ATLANTA -- Georgia’s nuclear Plant Vogtle faces a showdown next week. The troubled plant has doubled in cost over the last decade. New cost overruns have sent one utility into open revolt, and Georgia lawmakers are also making demands.
Although Georgia Power is the big driver behind the construction of units three and four at Plant Vogtle, other utilities are helping to foot the bill. And one of them, Jacksonville Florida-based JEA is saying 'enough already.'
"We believe, as a company, that the project has grossly been mismanaged and should be stopped immediately," said JEA CEO Aaron Zahn, in an exclusive interview with 11Alive News.
JEA has purchased billboards around metro Atlanta describing Vogtle as a “$30 billion mistake.” One billion of that has already come from Jacksonville area ratepayers.
"You have to know when to say when. And the sunk costs argument isn’t a very good argument. Saying just because we’ve come this far, we should continue to spend more money after a bad project?" Zahn asked. "Just because you can afford to buy something doesn’t mean you should buy something." Zahn says the utility has already procured cheaper solar power that would negate JEA's power loss from the Vogtle project and be cheaper to use than nuclear power.

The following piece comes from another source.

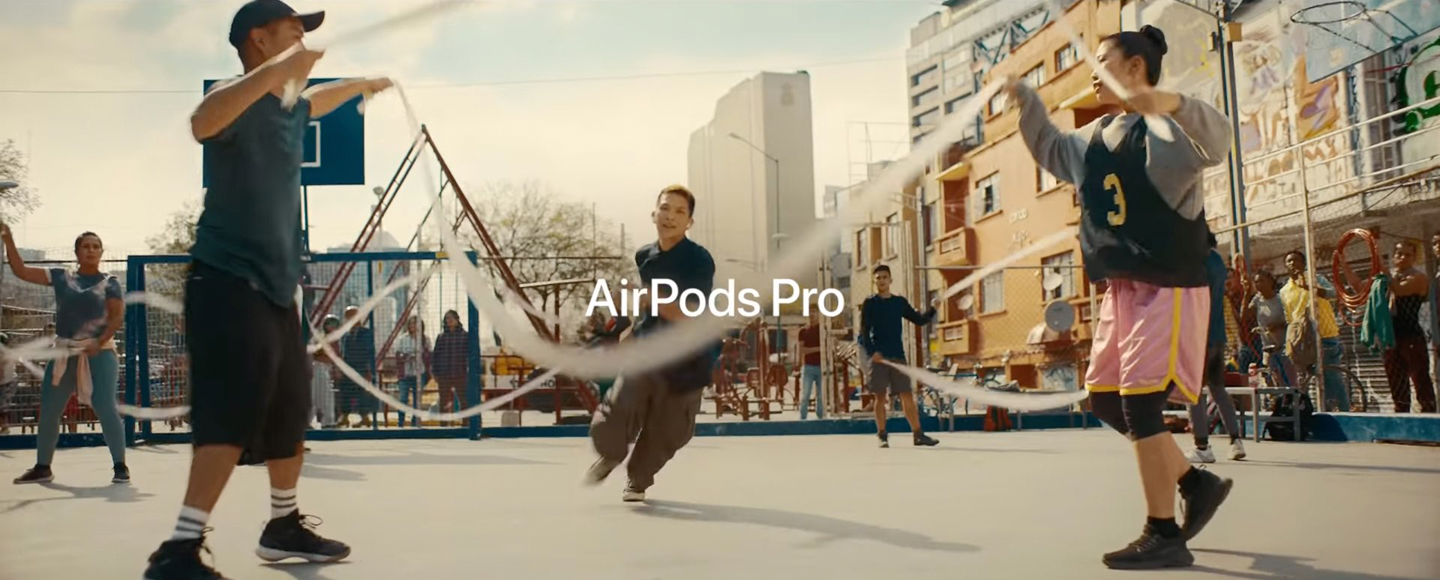 Apple превратила мир в игровую площадку в промо AirPods Pro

But Georgia Power and state government officials have backed the project for ten years as a way to ensure the state’s future electrical power. In 2008 Vogtle was a 14 billion dollar project, due to finish in 2013. By September of last year it was up to $27 billion. Now Zahn says it’s climbing beyond $31 billion.
This week 20 members of the legislature signed a letter asking the utilities building Vogtle to establish “a cost cap… that protects all Georgia electric ratepayers from this and future overruns.”
At the same time, Gov. Nathan Deal sent a letter to Georgia Power asking the utilities “to follow through on the commitments you made, to complete construction of Plant Vogtle units 3 & 4.” Georgia Power says the construction project has employed more than 7,000 workers on the Burke County site.
The erosion of Vogtle's powerful support is noteworthy to the projects longtime critics like Colleen Kiernan of the League of Conservation Voters. "Now you see some political pressure coming in to support the (electrical) co-ops and the city utilities (which have helped fund Vogtle), and that’s something new in this project," Kiernan said.
The question appears to be whether Georgia Power shareholders will start absorbing the new cost overruns at Plant Vogtle, rather than utility ratepayers. If Georgia Power decides to do that, it could ward off the revolt JEA is leading. If not – Vogtle could get scuttled as early as next week.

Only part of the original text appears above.